Mendengar jawaban Agi, Adriana kembali tersenyum. “Terima
kasih,” katanya pelan.
***
Agi mengantar Adriana kembali ke rumah Nura. Ada Dhanny dan Nura
di luar, sepertinya Dhanny baru akan pulang. Agi memarkir mobilnya tepat di
belakang mobil Dhanny. Nura dan Dhanny langsung menoleh saat Agi turun dari
mobil, berjalan memutar dan membukakan pintu untuk Adriana.
“Kita harus double date
kapan-kapan,” kata Nura ringan sambil tertawa.
Agi hanya tersenyum saat mendapati Adriana melotot untuk
memperingatkan sepupunya.
“Kau langsung pulang?” tanya Adriana pelan.
Agi melirik jam tangannya, masih belum terlalu malam, mungkin
Lofa masih di cafe.
“Aku akan ke cafe sebentar.”
Adriana hanya mengangguk, raut cerianya sedikit pudar. Setelah
diam beberapa detik, Adriana berhasil berkompromi dengan apa pun-yang-dia-pikirkan
dan kembali tersenyum.
“Sampaikan salamku untuk Lofa,” kata Adriana.

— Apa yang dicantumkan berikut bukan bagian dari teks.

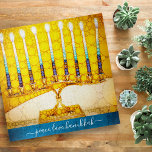 Quebra-cabeça Peace Love Hanukkah Artsy Yellow Dourado Menorah C<br><div class="desc">"Paz, amor, Hanukkah." Uma fotografia de perto de uma menorah brilhante, colorida, amarela e dourada artística ajuda-o a lançar no estilo as férias de Chanucá. Sinta o calor e a alegria da temporada de férias sempre que você usa este quebra-cabeça de serra-de-vidro colorido e atordoante do Chanucá. Cartões de correspondência,...</div>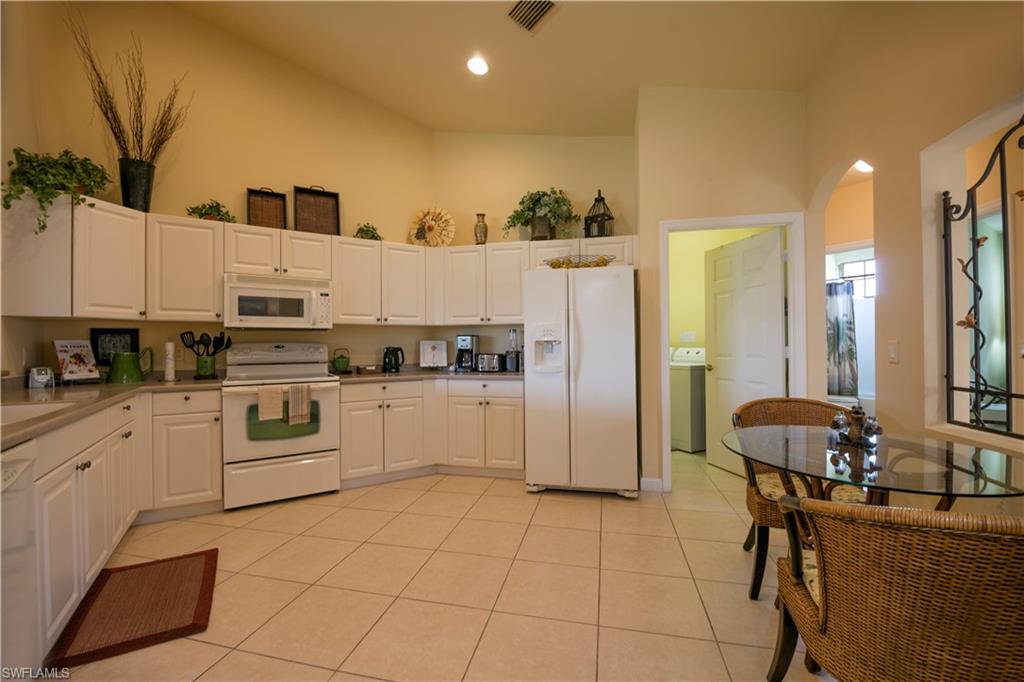 3048 Horizon LN 1104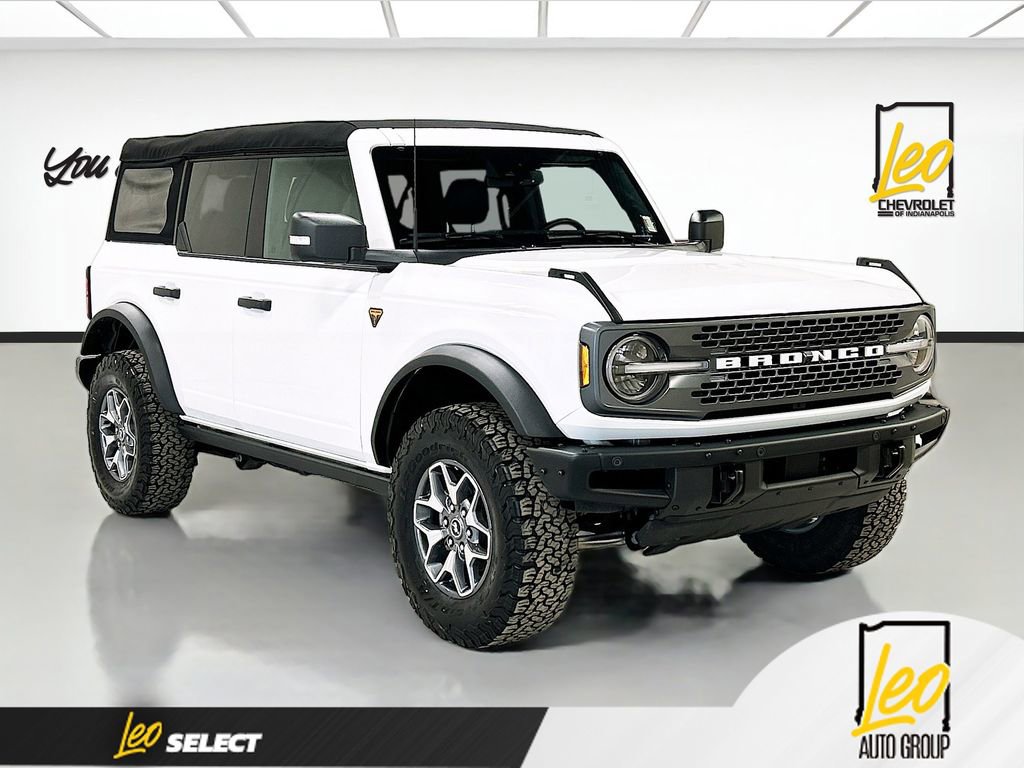 Used 2024 Ford Bronco Badlands image 3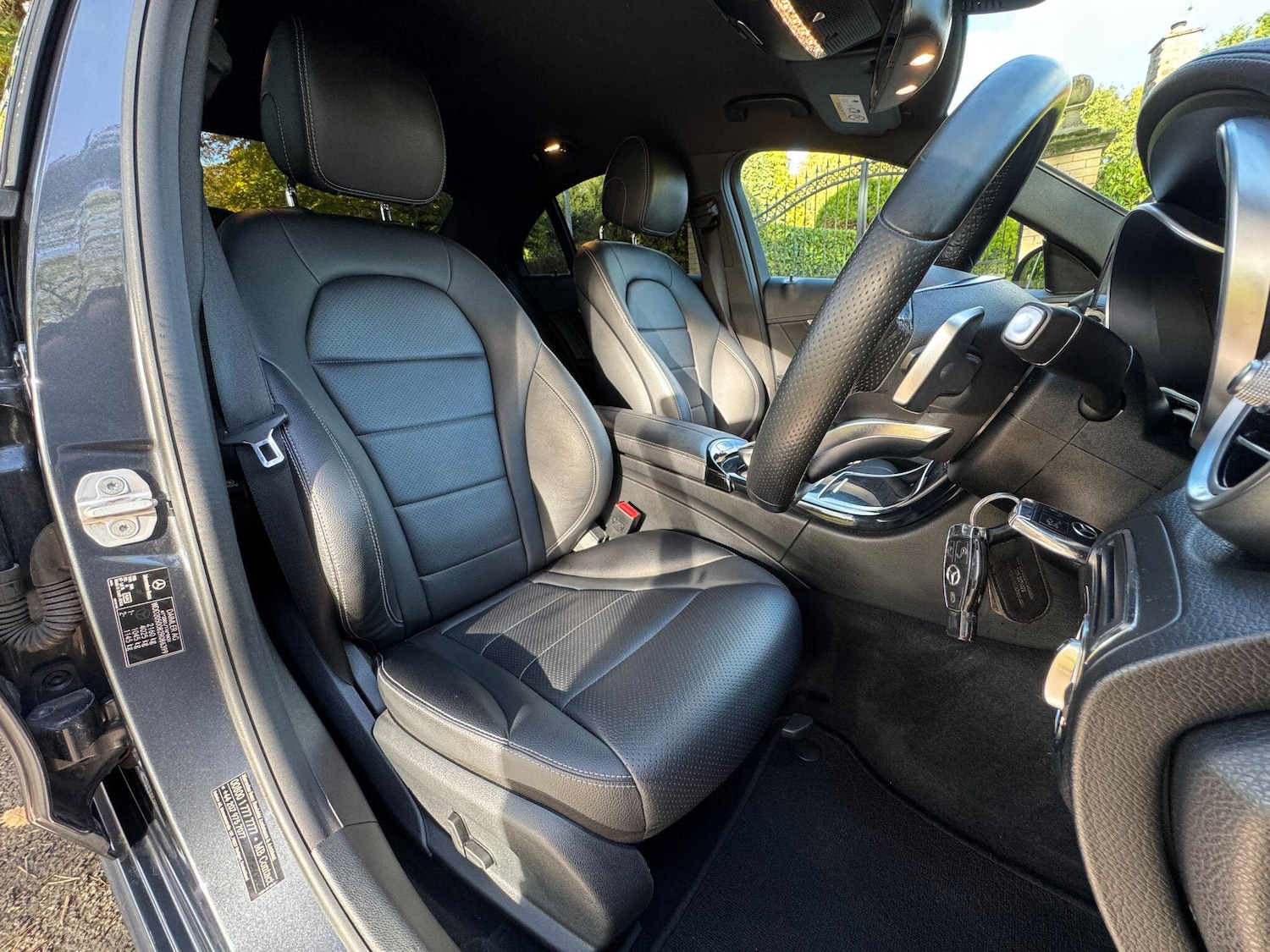 Used Mercedes-Benz C Class 2015 for sale - 76398093: Photo 30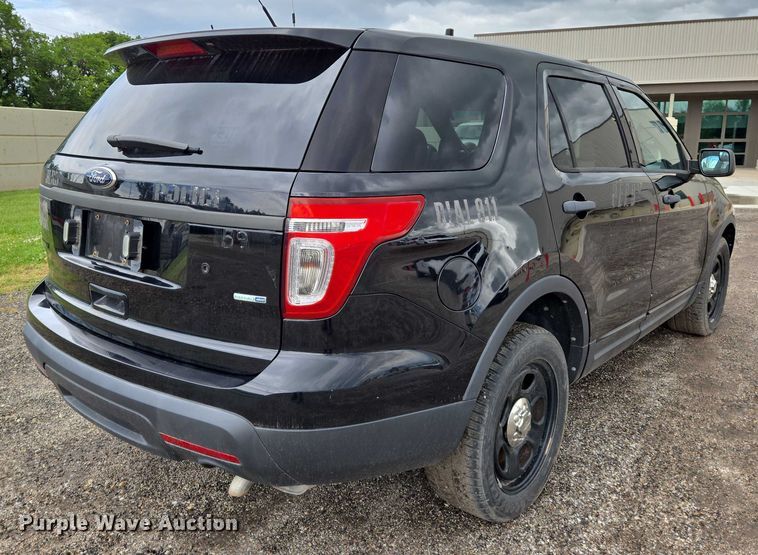 image for item EN8022 2013 Ford Explorer Police SUV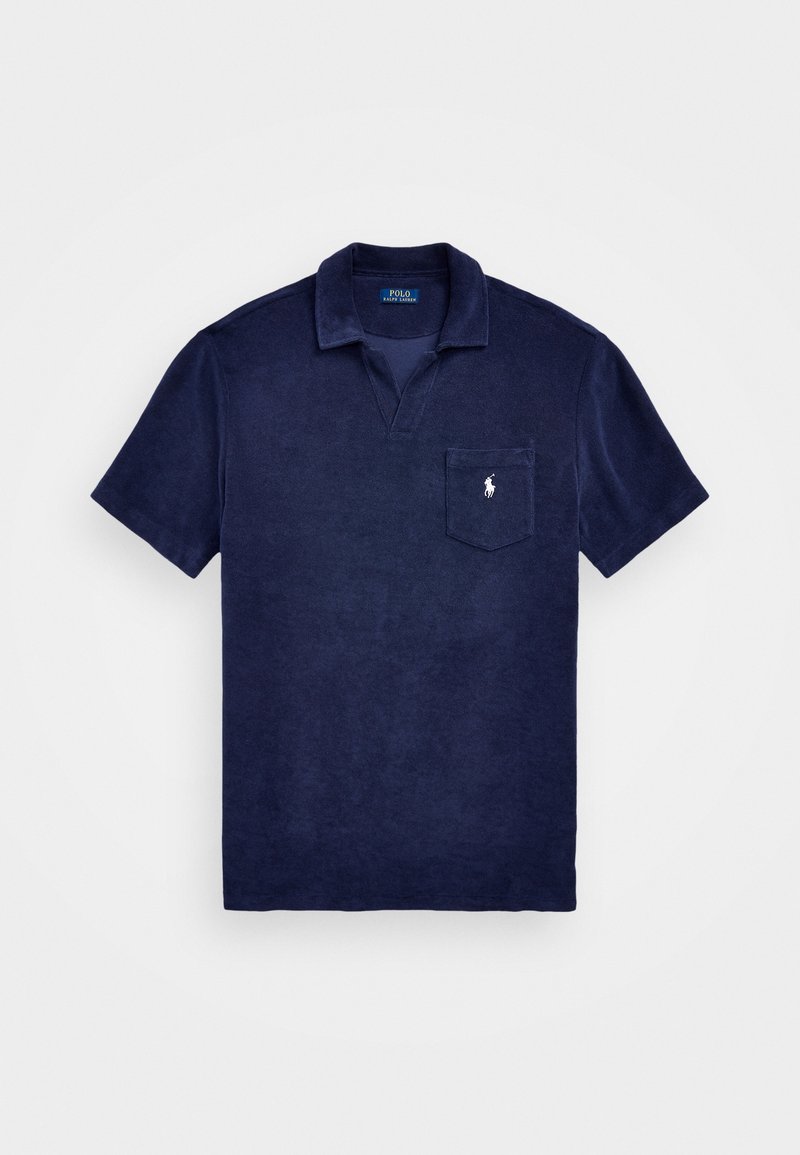 Mörkblå polo t-shirt i mjukt material, med krage, korta ärmar och en vänster bröstficka med en liten logotyp.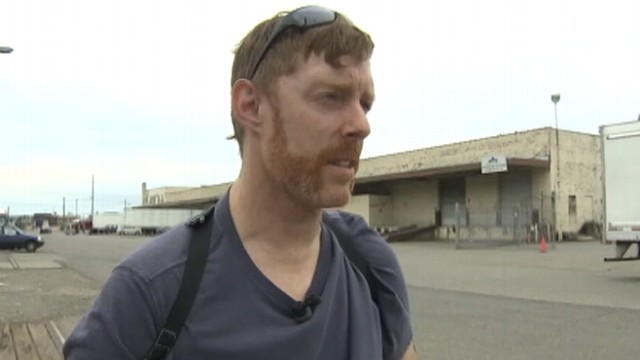 VIDEO: Cutlery worth thousands was in Seattle mans car when it was stolen.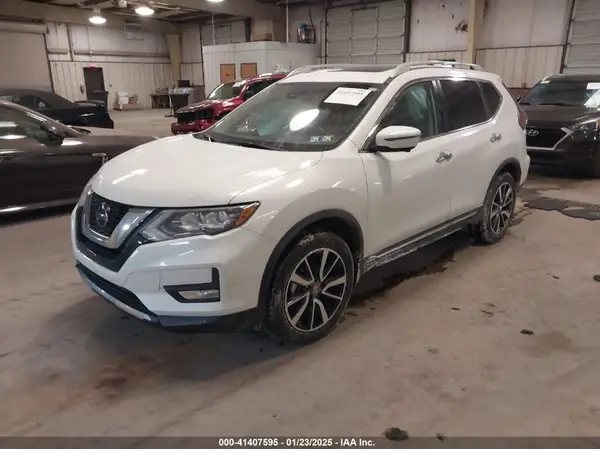 5N1AT2MV4KC718953 2019 NISSAN ROGUE - Image 2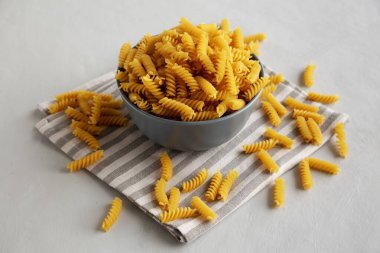 Fusilli Makarnayı bir kasede kurut, yan görüş.
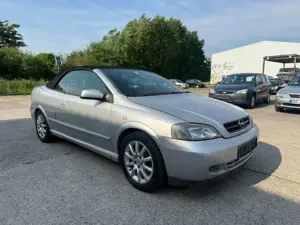 Opel Astra 2.2 16V Bild 2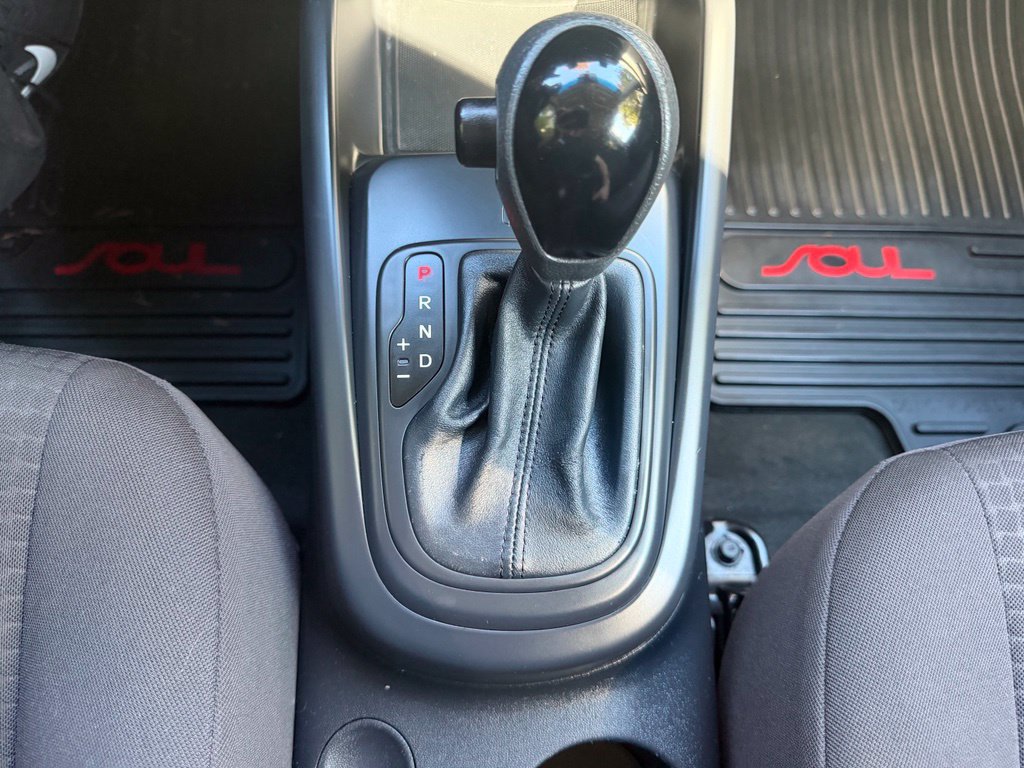 Used 2013 Kia Soul FWD image 20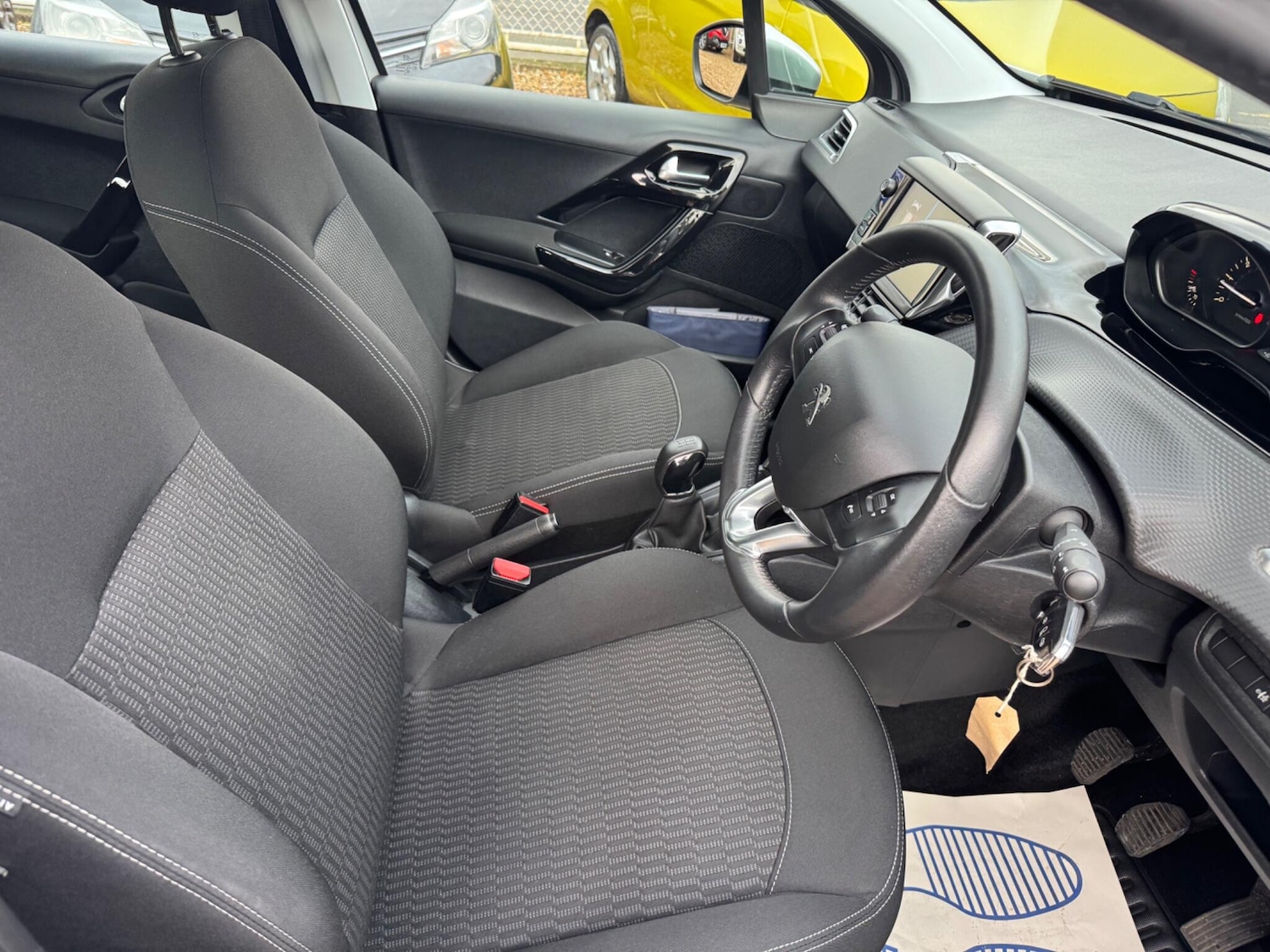 Used Peugeot 208 2018 for sale - 76991705: Photo 11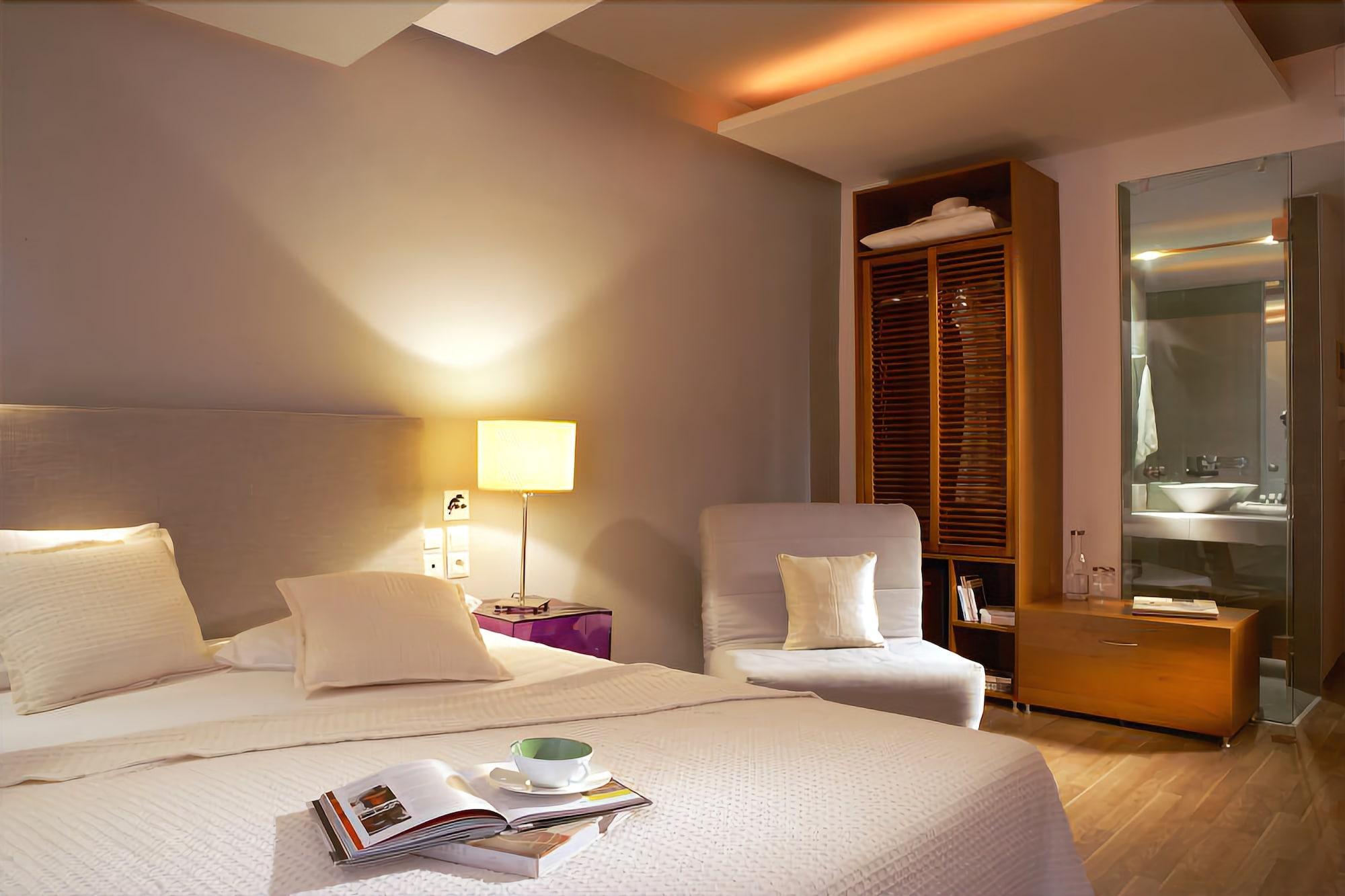 Hotel Kamari Potos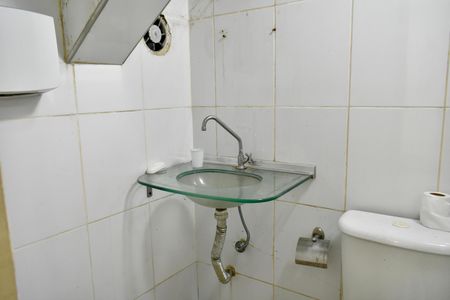 Casa à venda com 170m², 4 quartos e 3 vagas Casa à venda com 170m², 4 quartos e 3 vagasBanheiro de serviço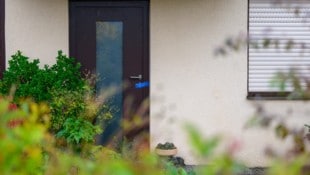 Hinter dieser Tür hatte sich die Familientragödie mit zwei Toten zugetragen.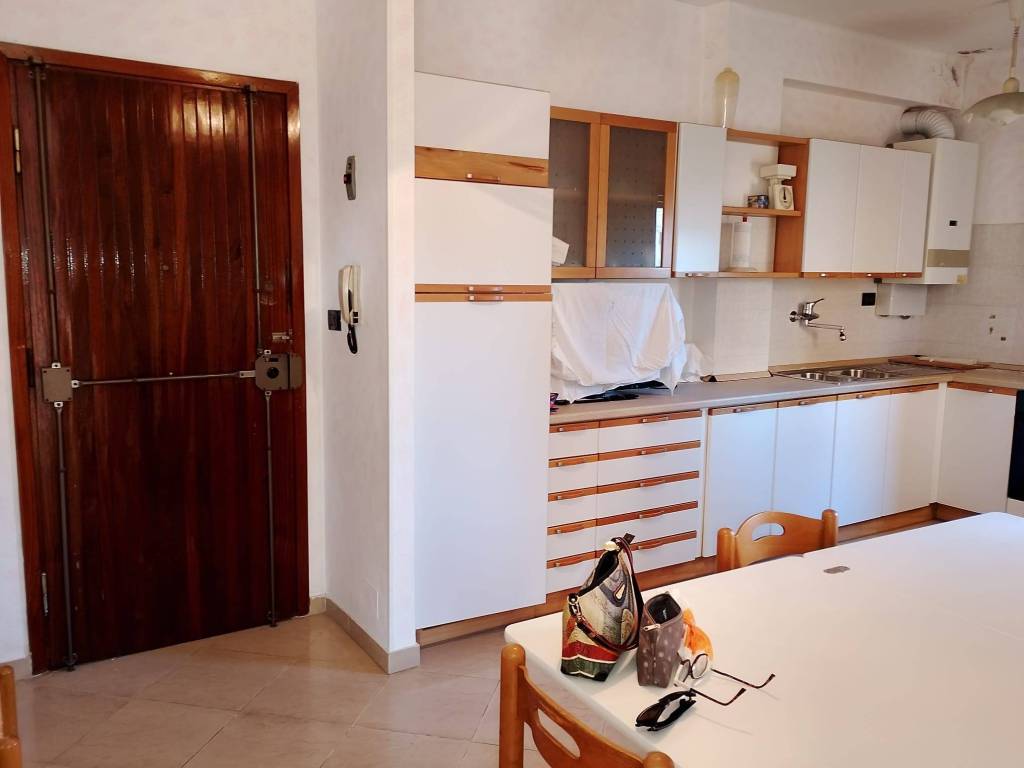 Appartamento a Taggia in Via Cristoforo Colombo - Foto 2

Agi hanya mengangguk, “Aku pergi dulu.”
Setelah berpamitan pada Nura dan Dhanny yang sepertinya tidak ingin
berpisah barang sedetik, Agi meluncur pergi. Dia memacu mobilnya pelan melewati
jalanan Jogja di malam hari yang lengang.
Agi memelankan laju mobilnya di depan cafe, menyipitkan mata
untuk melihat ke dalam cafe melalui pintu kaca. Sepertinya Lofa tidak
membutuhkan bantuannya. Alih-alih memarkir mobilnya, Agi malah meluncur pergi.
Memberikan waktu bagi Angga untuk menemani Lofa.